With the passing of rock ‘n’ roll pioneer Johnny Otis, who died last week at the age of 90, America lost a musical creator and curator who, in his own way, did as much as Elvis Presley or Chuck Berry to shape the soundtrack of the modern world, as this San Francisco Chronicle appreciation story makes clear:
He discovered Little Richard and songwriters Jerry Leiber and Mike Stoller. He produced their song “Hound Dog” with Big Mama Thornton when Elvis Presley was still at Humes High. He met 14-year-old Etta James backstage at a concert at the long-gone Primalon Ballroom on Fillmore Street and, that very night, whisked her to Los Angeles to make her first record the next day.
Otis’ musical contributions were rich and varied, and his 1994 induction into the Rock and Roll Hall of Fame was greatly deserved. But perhaps the most remarkable thing about Otis was the brave way he lived his life, and what it says about the endless possibilities in America for self-invention and self-expression — even at a time when racism and segregation obscured those opportunities for too many in the USA.

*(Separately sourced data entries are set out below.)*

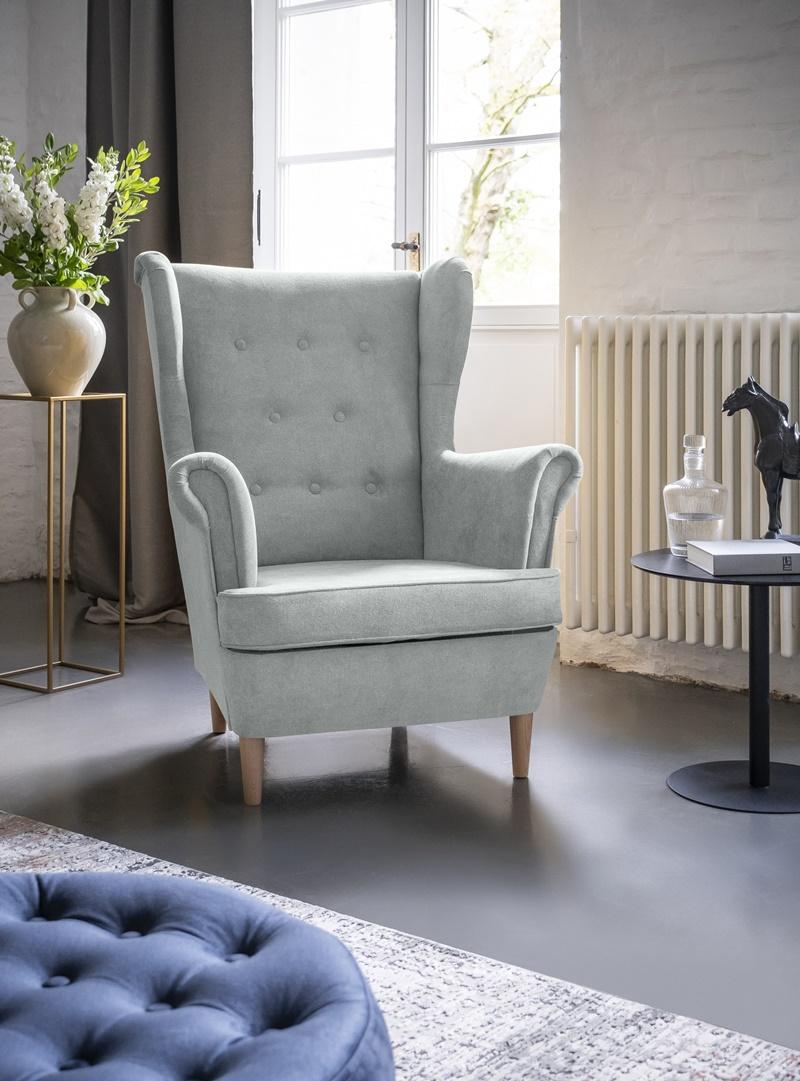 szary wygodny fotel uszak do salonu 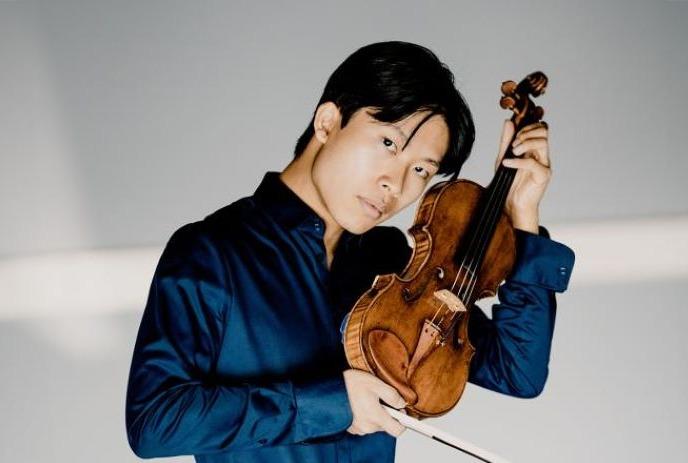 Kerson Leong wearing a dark blue shirt, holding his violin.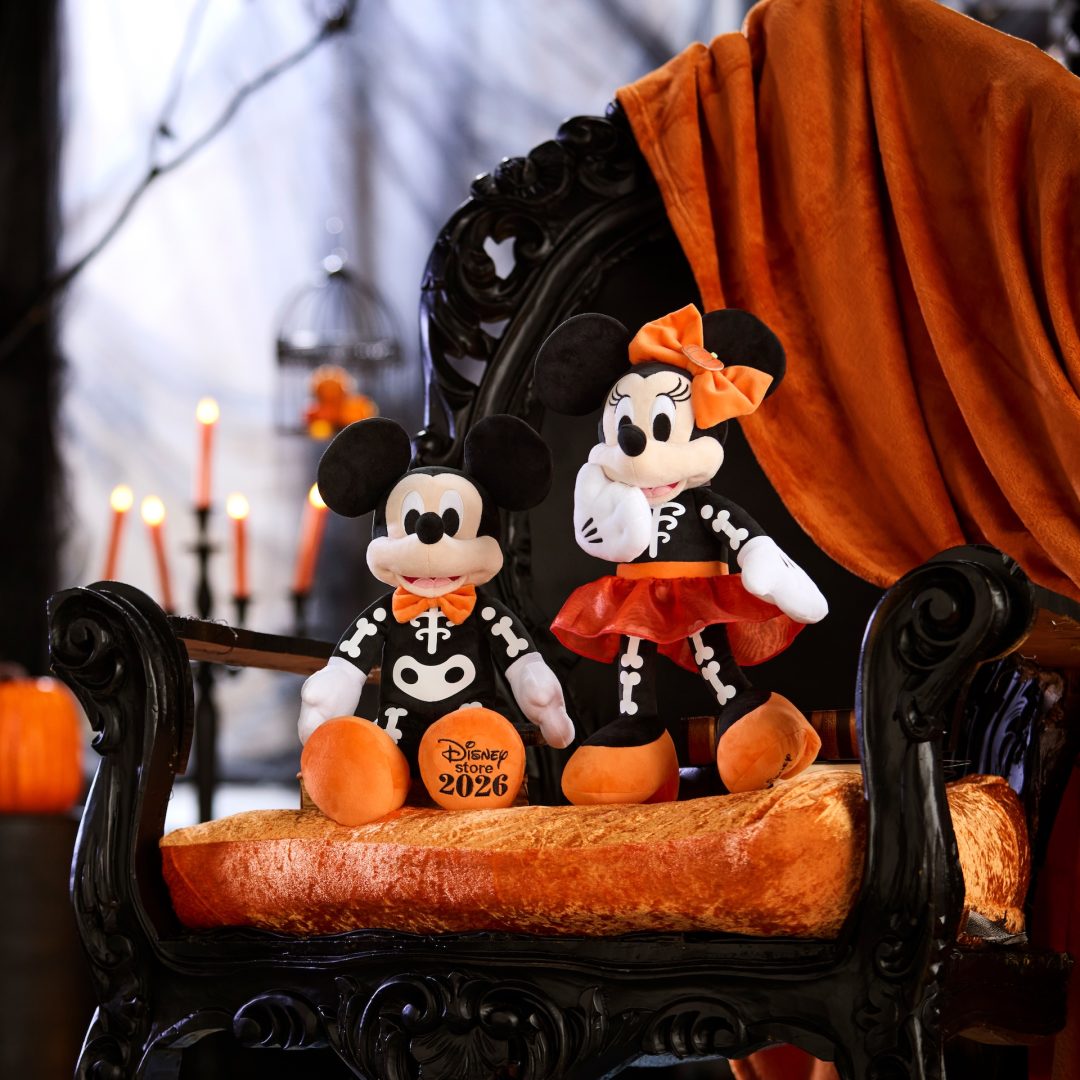 Mickey and Minnie plush in skeleton costumes with an orange Disney Store 2026 pumpkin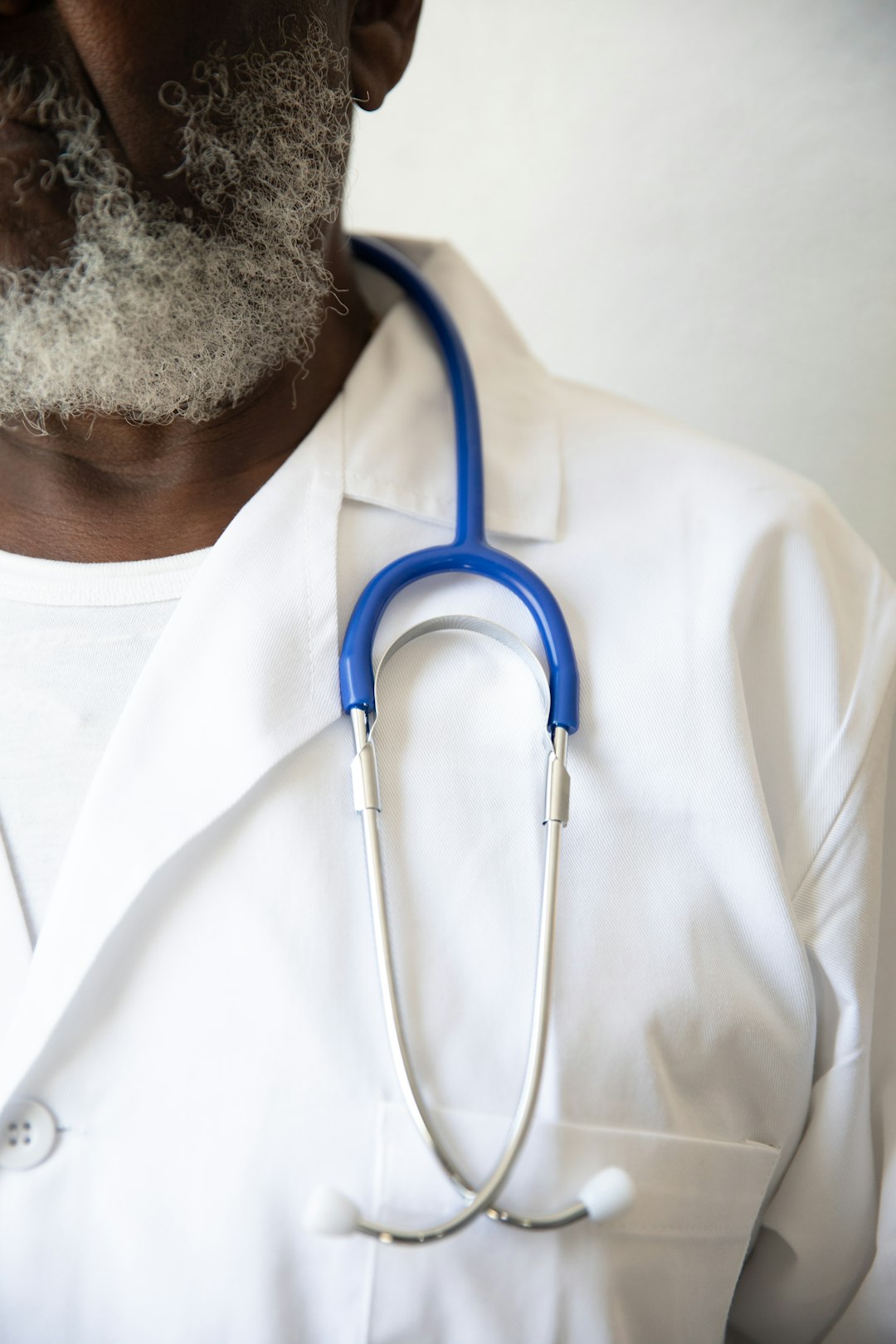 Black male doctor with a stethoscope in a clinical setting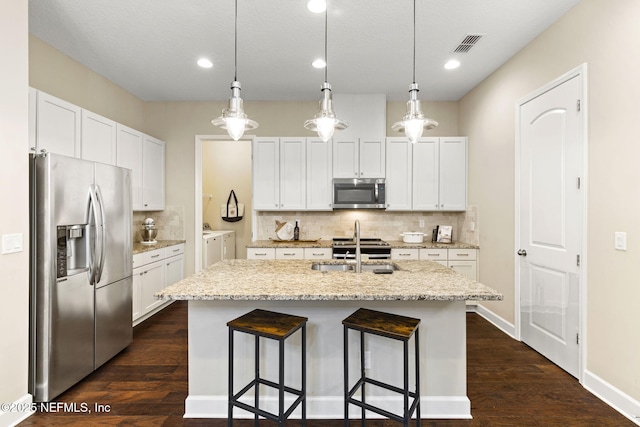 kitchen featuring a kitchen island with sink, washing machine and dryer, white cabinets, and appliances with stainless steel finishes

Here’s something a lot of people didn’t know: Johnny Otis was not a black man. He was the child of Greek immigrants, and his real name was Ioannis Alexandres Veliotes. He grew up in a largely black neighborhood in Berkeley, Calif., where he developed his love and affinity for African-American culture.
But Otis didn’t just immerse himself in the all-American culture of black people in this country — he consciously reinvented himself as “black” (or “black by persuasion,” as he called it). His remarkable musical dexterity flowed from that deep well of cultural understanding and allowed him to communicate with all Americans in the national language of the blues, which Ralph Ellison described as “an art of ambiguity, an assertion of the irrepressibly human over all circumstances.”
In the wake of his death, some have framed Otis’ remarkable life as an expression of “anti-racism.” It’s true that he arrived at a deeply segregated time in our history, and the arc of his life proved that racial categories are meaningless. It’s also true that the rock ‘n’ roll music he pioneered probably has done more to shatter those categories on a human level than any legislation could. But anti-racism is too simple an evaluation of his importance.
At his core, Otis was an extravagant example of America’s near-limitless freedom to shape your life in any way you choose. Beyond that, he was also a potent symbol of the subtly multiracial society that Albert Murray revealed in The Omni-Americans:
“American culture, even in its most rigidly segregated precincts, is patently and irrevocably composite. It is, regardless of all the hysterical protestations of those who would have it otherwise, incontestably mulatto. Indeed, for all their traditional antagonisms and obvious differences, the so-called black and so-called white people of the United States resemble nobody else in the world so much as they resemble each other.”
Greek immigrant child Ioannis Alexandres Veliotes, who became black musical impresario Johnny Otis, helped point America back to its miscegenated heart. For that, we should all be thankful.